FOLHA DE SP - 29/09
Certos clichês dão ar de conhecimento e erudição ao interlocutor. Porém, muitas vezes são simples bobagens.
É comum ouvir, por exemplo, que a cidade de São Paulo tem o terceiro maior Orçamento do país. É o típico clichê dito e repetido em época de eleição. Mas não é o terceiro, é o sexto. A União e os Estados de São Paulo, Rio, Minas Gerais e Rio Grande do Sul têm Orçamentos maiores. São Paulo tem problemas suficientes que dispensam o espalhamento de mentiras que deem medidas de sua grandeza.
Outro clichê mentiroso típico de épocas de eleição é "São Paulo é uma cidade que cresceu sem planejamento". Distorções e desigualdades paulistanas não são causadas por falta de planejamento.
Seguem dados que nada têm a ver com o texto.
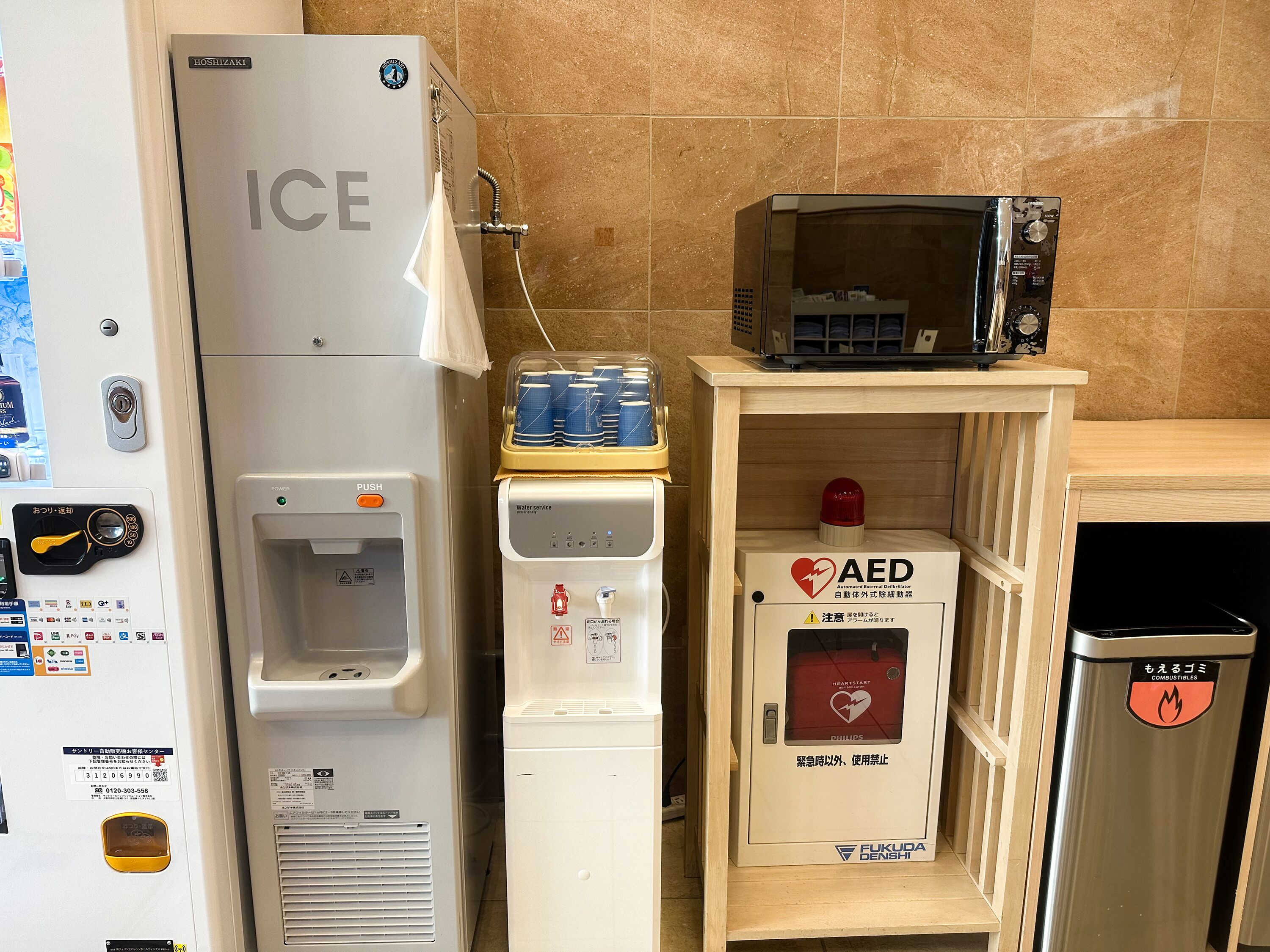 Un refrigerador con la etiqueta 'ICE', un dispensador de agua, un microondas, un botiquín de desfibrilación (DEA) y un contenedor de basura.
Ao contrário, são por causa dele.
Bernardo José Maria de Lorena, administrador colonial português que governou a Província de São Paulo em fins do século 18, fez o que ele chamou de "um plano para guiar a cidade em seu crescimento". Isso em 1792, 220 anos atrás.
No fim do século 19, a cidade ganhou marcos urbanísticos importantes, como a avenida Paulista (1891) e o viaduto do Chá (1892). E, no começo do século 20, surgiu o Código Arthur Saboya, que impôs limites de altura aos prédios do chamado "centro novo", atual praça da República.
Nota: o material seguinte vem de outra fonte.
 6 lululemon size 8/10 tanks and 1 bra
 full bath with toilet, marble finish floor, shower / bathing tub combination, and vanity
E, assim, a cidade vai se dispersando em vez de se adensar. Na década de 1930, chegou o plano de avenidas do prefeito Francisco Prestes Maia. Em 1927, a Câmara Municipal havia rejeitado um projeto da Light, concessionária dos serviços de bonde e de energia elétrica, de criar a primeira linha paulistana de metrô, mais ou menos no traçado da linha 4-amarela.
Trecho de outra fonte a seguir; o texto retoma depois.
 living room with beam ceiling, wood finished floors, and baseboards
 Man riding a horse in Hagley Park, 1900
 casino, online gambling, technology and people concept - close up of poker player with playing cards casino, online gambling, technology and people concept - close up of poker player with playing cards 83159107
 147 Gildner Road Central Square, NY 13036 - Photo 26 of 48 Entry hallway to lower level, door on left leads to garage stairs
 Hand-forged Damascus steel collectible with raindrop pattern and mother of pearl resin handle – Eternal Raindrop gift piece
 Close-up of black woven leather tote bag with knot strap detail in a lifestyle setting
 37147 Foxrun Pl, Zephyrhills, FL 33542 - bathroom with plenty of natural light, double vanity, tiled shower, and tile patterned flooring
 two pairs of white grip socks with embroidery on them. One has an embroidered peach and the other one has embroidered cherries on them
Como se vê, a cidade tinha, sim, um plano: crescer para a periferia, construir avenidas e desprezar o transporte de massa. A primeira linha de metrô só chegou na década de 1970. Cidade Tiradentes, um enorme conjunto residencial que amontoou pobres na longínqua periferia da zona leste, é da década de 1980.
Agora, São Paulo corre atrás do prejuízo. Um clichê (este verdadeiro) diz que o maior movimento de massa da história da humanidade ocorre todos os dias na zona leste de São Paulo: 3 milhões de pessoas (um Uruguai inteiro) vão para o centro de metrô pela manhã e voltam à noite, esmagados nos vagões da linha 3-vermelha do metrô.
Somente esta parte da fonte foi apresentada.